Research Questions lead to a search for data …
Historical newspaper content
How and why did public discourse about lynching change over time?
- Need a way of measuring discourse:
- Full text of historical newspapers.
Historical newspaper content
Article on Sam Hose
Historical newspaper content
But there are nearly 1 million hits for “lynching” from 1880 to 1920.
There are 600 million newspaper pages on this site alone.
How can we access all of this text?
Voting for Black Suffrage
How did white Northerners come to support black suffrage after the US Civil War?
- Look at military service and voting for black suffrage in state referenda, like those held in Minnesota.
Voting for Black Suffrage
Historians have collected data on county votes for and against black suffrage.
But how do we get county-level estimates of military service?
This random dude’s website.
There are lots of results (more than 20 thousand men); we could copy and paste…?
Civil War and Partisanship
What are the effects of wartime experience during the American Civil War on post-war political beliefs?
- We need individual data on partisanship in the 19th century… Good luck finding that!!!
People’s Guides from 1874 Indiana

Civil War and Partisanship
There are 70,000+ names across a few thousand pages.
How do we access this data? Hire undergrads or data entry workers?
Accessing data
What do these examples have in common?
- Data that is useful is available in digital format (online databases, online search tools, scans of text/tables)
- It is impossible/prohibitively expensive to collect this data manually
- Data can be obtained (relatively) easily using a programming language to automate the process.
Options for access:
- “Scraping”
- Ask for permission
- Digitize it yourself
Discuss each in turn, then talk about lessons
Scraping
“Scraping” refers to using some programming tools to automate the process of
- accessing some website/service that is hosted on the internet (wide variety of possibilities)
- extracting the data we desire
- and processing that data to make it useful
Lots of online resources, but for a primer I’ve made see here
Scraping: Process
- Find that data/tool you want
- Figure out how to use programming language to access that data.
- Use programming to structure the data for your needs
- Scale up: automate the rest of the data collection
Ways of Scraping
Usually, I scrape in one of three ways:
- API: a request that directly interacts with some database or tool and returns data in a friendly format (usually JSON). (59%)
- E.g. pass image to Google Cloud Vision; Geolocating.

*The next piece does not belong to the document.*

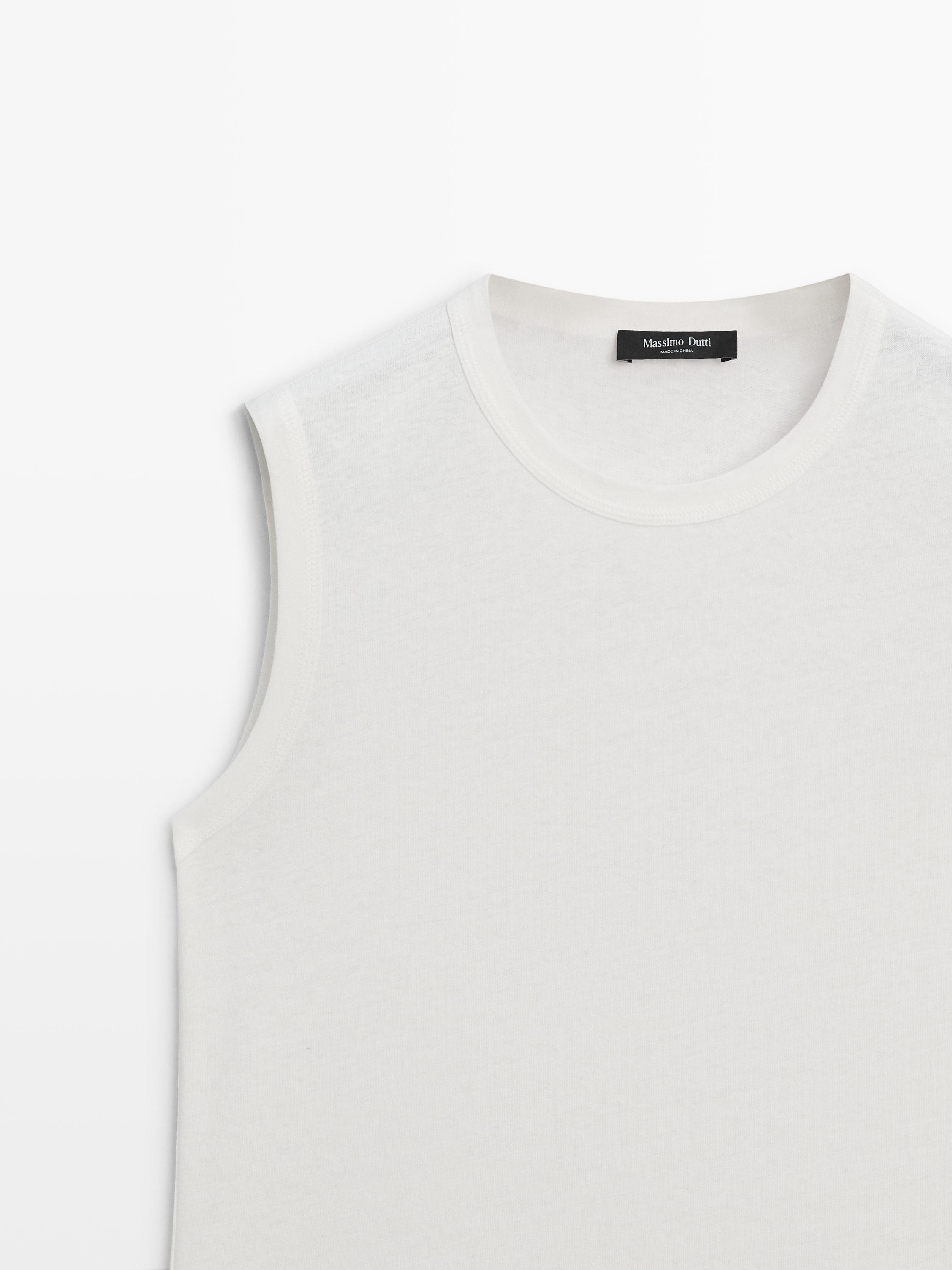 Sleeveless linen blend T-shirt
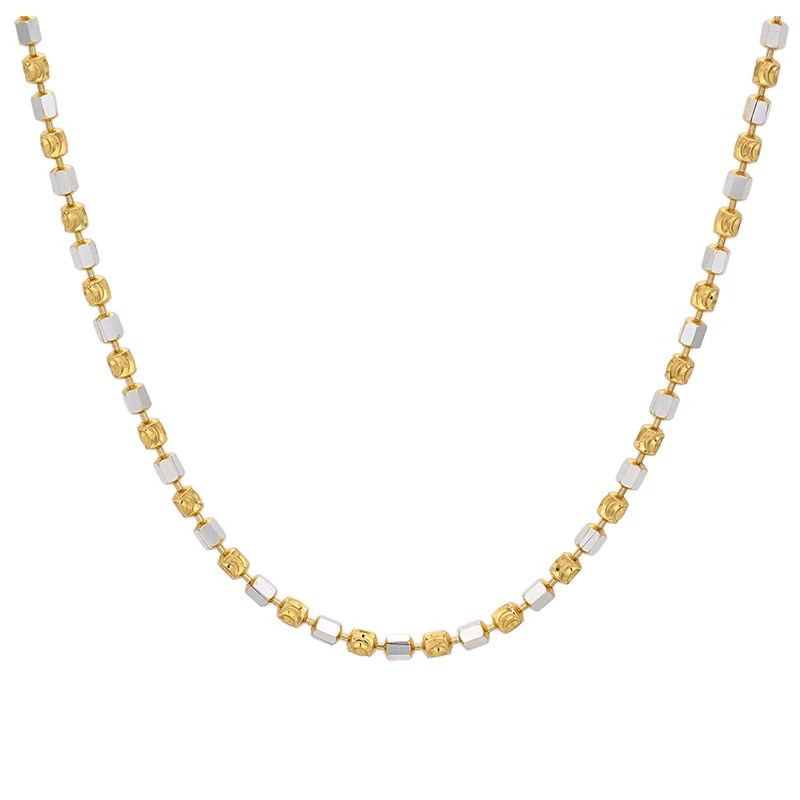 MIQIAO 925 Sterling Silver Neck Necklaces For Women Two-Tone Angle Beads Long Chain For Girls Jewelry Luxury Female Gifts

- HTML: a request for an HTML page that contains some data. Data is unfriendly to use, because it is in markup language for visual display (40%)
- Webdriver: Websites wanting to protect proprietary data have more layers of protection. May need to code a “robot” using a browser. (1%)
Scraping: Examples
Download online database: American Civil War Database
- relational database of soldiers, units, battles, etc.
- With subscription, entire database is easily browsable online
Scraping: Examples
Download online database: full count 1860 US Census (Fold3)
- Subscription geneaology site.
- Access to census images is behind a paywall.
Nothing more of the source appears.